Research: Festive period accounts for a third of US SVoD sign-ups
December 15, 2025
Research from Ampere Analysis shows that nearly one-third of US streaming sign-ups occur between November and January, but long-term customer retention hinges on deal structure and perceived value, not promotions alone.
Black Friday – the major shopping day after Thanksgiving in the US – is a significant driver of the festive spike, with eight of the top 10 US streamers launching deals in 2024, offering savings ranging from $20 to $108. However, only three achieved stronger customer retention among those acquired during the November 24th – December 2nd window than during the rest of the year.
Further key findings include:
- Deal structure is a powerful influence on retention. Higher-value savings had a more positive influence on long-term engagement, and promotions lasting more than six months consistently reduced churn.

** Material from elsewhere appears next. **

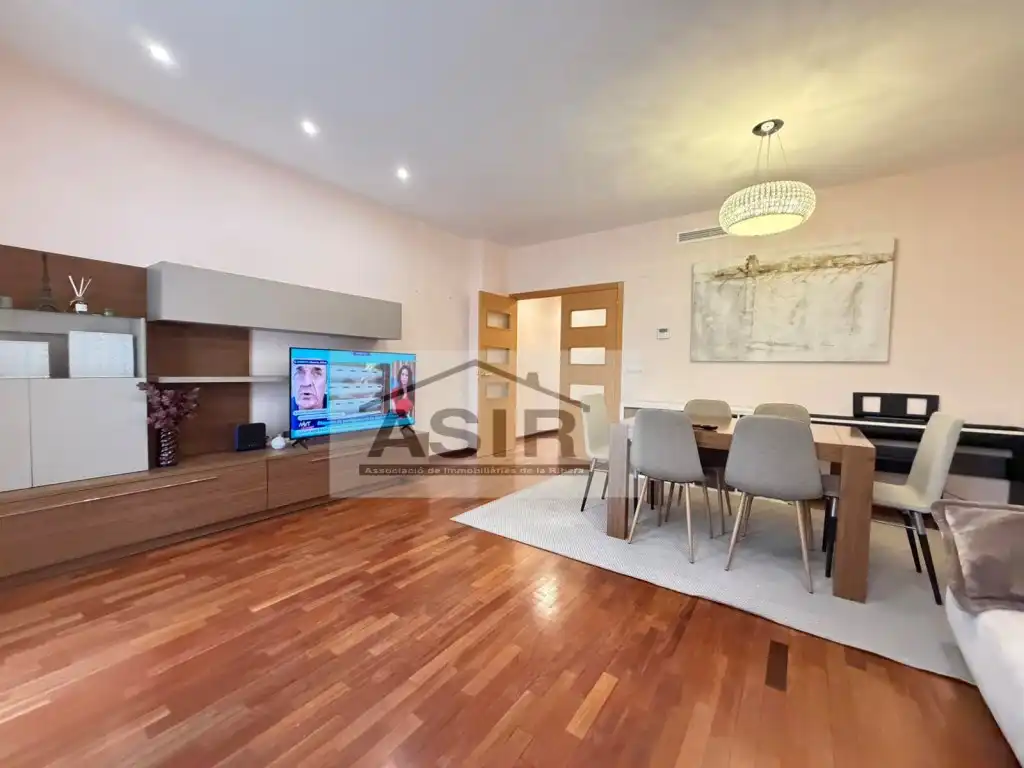 Sala d'estar de Pis en venda en Alzira amb Aire condicionat i Terrassa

- Price sensitivity remains a key challenge. Ampere’s Q3 2025 consumer survey found that 57 per cent of US respondents cite cost as a key reason for churning, reinforcing the need for a festive strategy that blends strong content, well-built promotional mechanics, and demonstrable ongoing value.

Olivia Deane, Research Manager at Ampere Analysis, commented: “The festive period continues to stand out as a critical moment for US streamers, but while promotional activity plays an important role, analysis shows that winning – and keeping – festive consumers requires a broader, more considered strategy. Platforms that combine well-structured seasonal offers with strong content, and clear ongoing value are best placed to turn festive acquisition into long-term retention.”